Depuis la reprise de Carrier en 2000, je n’ai cessé de me battre pour faire vivre cette entreprise en lui trouvant de nouveaux débouchés, en investissant pour améliorer l’outil au fur et à mesure de son redressement, car en 2000, j’ai évité que l’entreprise ne dépose le bilan et je n’ai demandé ni obtenu, à cette époque, aucune aide de personne.
Nous avons, de plus, réalisé 6 millions d’euros d’investissements entre 2009 et 2011 pour nous permettre de continuer à produire en France (obligations réglementaires, environnementales et sociales) et pour lancer une nouvelle gamme de produits. Le but était de préparer l’avenir et trouver des économies d’échelles pour lutter – même à armes inégales – contre les importations d’autocars.
Je souhaite également, revenir sur les subventions reçues et mises en avant comme étant illégitimes. Le conseil général a versé une subvention de 89 700 euros en 2009 pour les travaux de modernisation de l’usine, correspondant à 2 % du chantier, ce dont nous lui sommes reconnaissants. Nous avons en effet investi 4 340 000 euros dans ces travaux. La contrepartie à ce soutien était l’embauche de 20 salariés en CDI: nous avons signé 70 embauches en un an et avons respecté notre engagement jusqu’à la liquidation. Nous aurons donc, jusqu’à notre dernier souffle, respecté notre engagement.

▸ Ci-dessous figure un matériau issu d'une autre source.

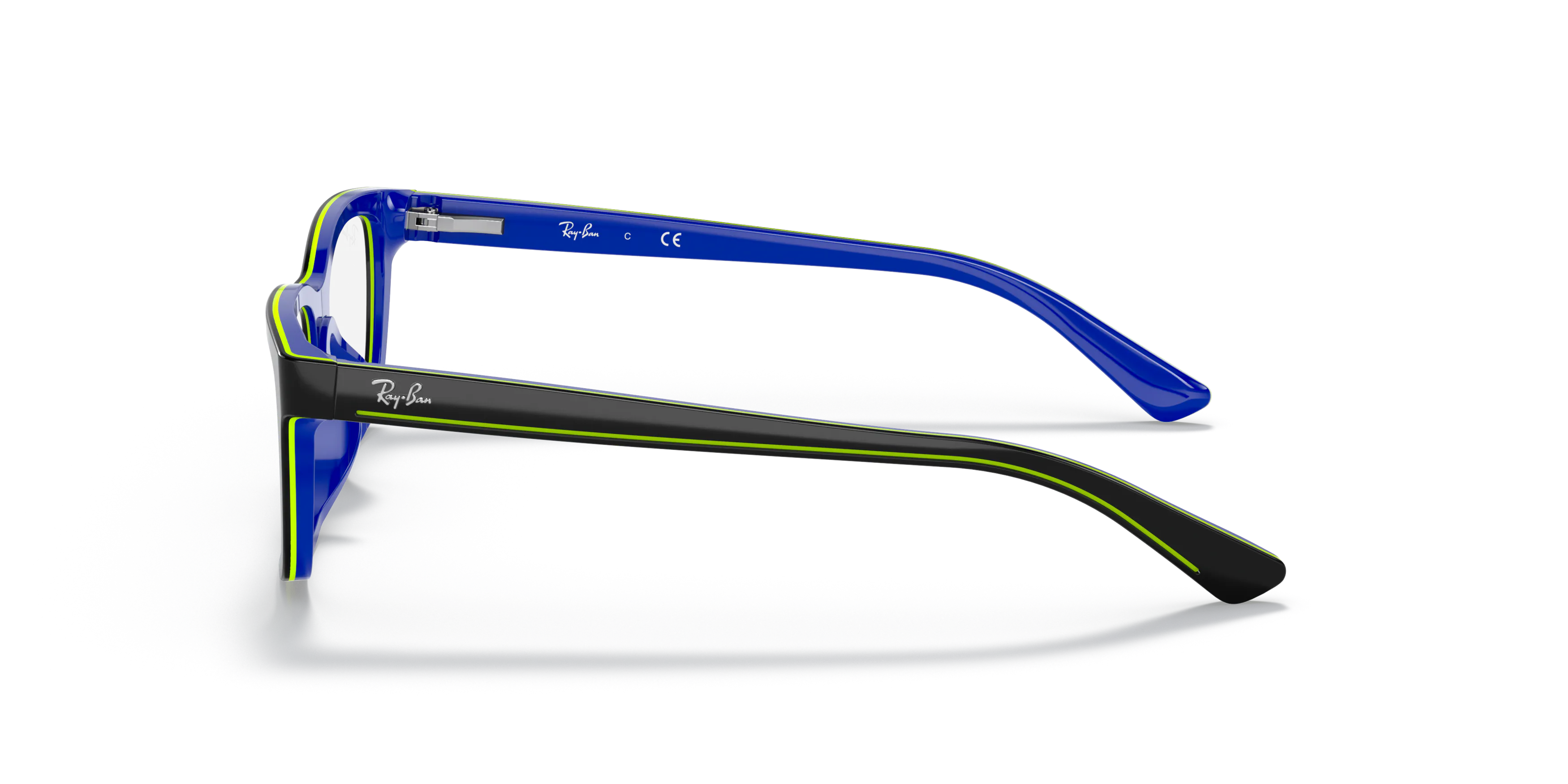 Angle_Left02, Ray-Ban RB1536 3600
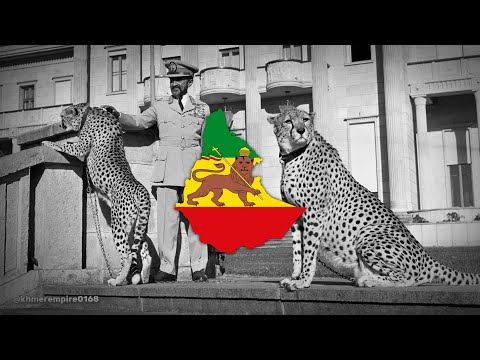 National anthem of the Ethiopian Empire (1270-1974) - Rare 1962 Instrumental Version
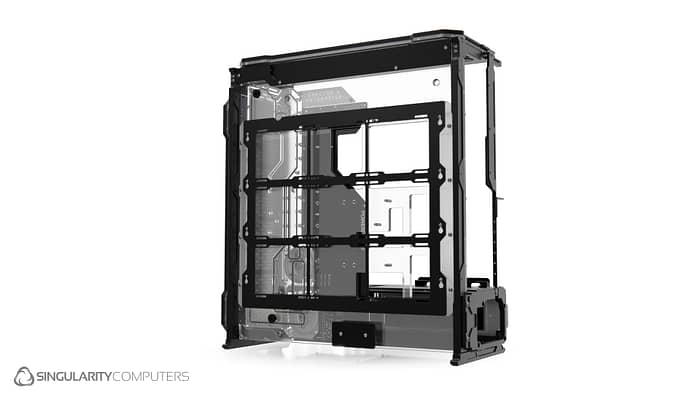 Spectre 4 Enterprise Water-cooling Case - Image 3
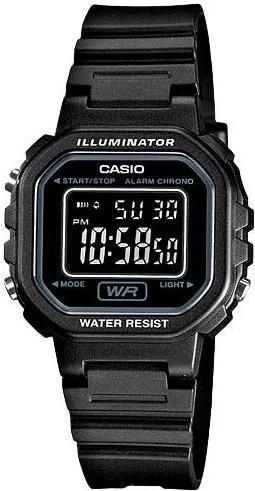 CASIO LA-20WH-1BDF Унисекс часы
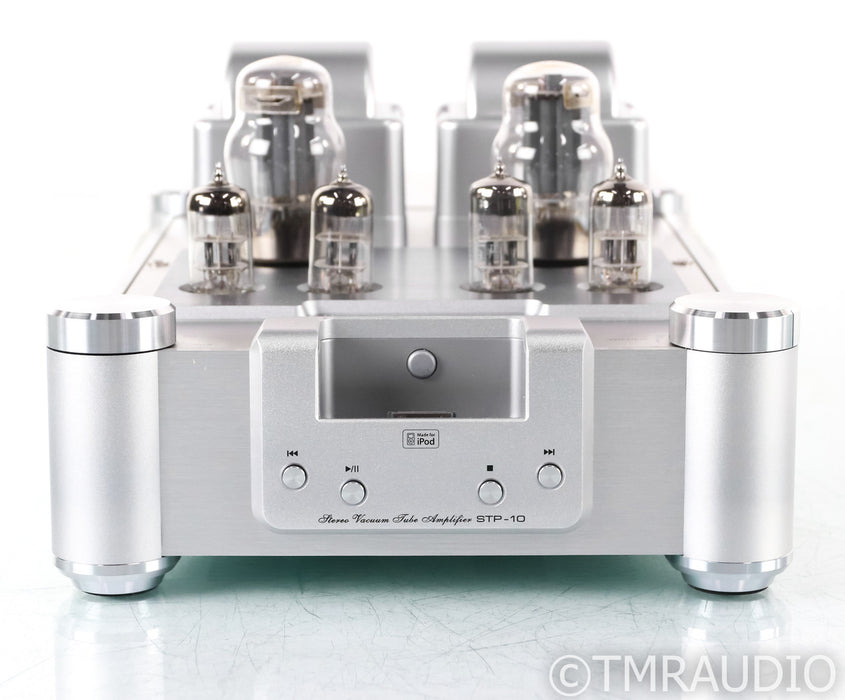 Shanling STP-10 Stereo Tube Integrated Amplifier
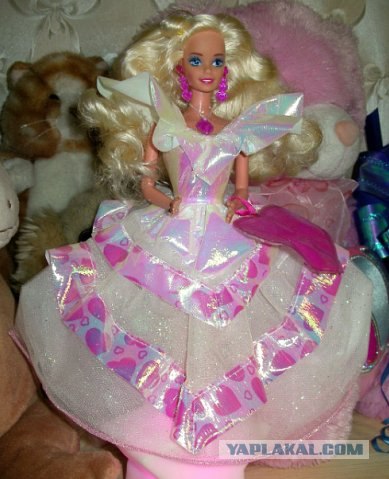 Немного о 90-х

Le conseil régional pour sa part a acté une subvention de 147 000 euros, en soutien à un projet d’autocar électrique, soit 15 % de notre investissement pour lequel le prototype a été réalisé. Les essais sont en cours chez les autres partenaires du dossier. J’espère que cet investissement public aboutira à un produit d’avenir qui pourra être fabriqué en France.
Cet investissement supplémentaire n’est pas le signe d’une entreprise que l’on veut abandonner, non plus que le fait de relancer une nouvelle version du Scoler 4 début septembre 2013, et encore moins notre participation à un projet d’autocars à pile à combustible qui était en cours au moment de la cessation de paiements.
À aucun moment je n’ai ménagé mes efforts pour, depuis 13 ans, faire vivre cette entreprise et lui apporter de l’activité. J’ai tout tenté au cours des deux dernières années pour trouver des solutions aux problèmes internes qui ont amené à la cessation de paiements. Pour mémoire sur ces problèmes internes, nous avons dû faire face, en même temps, à des erreurs dans les développements, à des changements imposés dans les homologations avec un délai très court, à nos difficultés pour impliquer l’ensemble du personnel et réduire le taux d’absentéisme supérieur à 10 %.
Je vis également douloureusement cette mise en cause, car nous avons toujours respecté les choix d’achats d’autocars des collectivités territoriales et des filiales de l’État, mais je ne peux plus assumer seul une usine avec de gros problèmes internes sans une mobilisation pour le made in France. On peut me reprocher de ne pas y être arrivé. Toute mon énergie et mon action ont été tournées vers la recherche de solutions pour Carrier: le niveau élevé de stock et d’encours pour permettre une production plus élevée, les investissements et les projets menés ou en cours.
Sans minimiser les conséquences très importantes de cette situation, je ne peux pas accepter qu’un entrepreneur qui a plus que doublé la taille d’une entreprise à l’agonie en 2000, et qui s’est battu contre la désindustrialisation de notre pays pendant des années, soit ainsi pris à parti sans un minimum de respect des faits.
Je vous prie de croire, Messieurs, en l’expression de mes sincères salutations.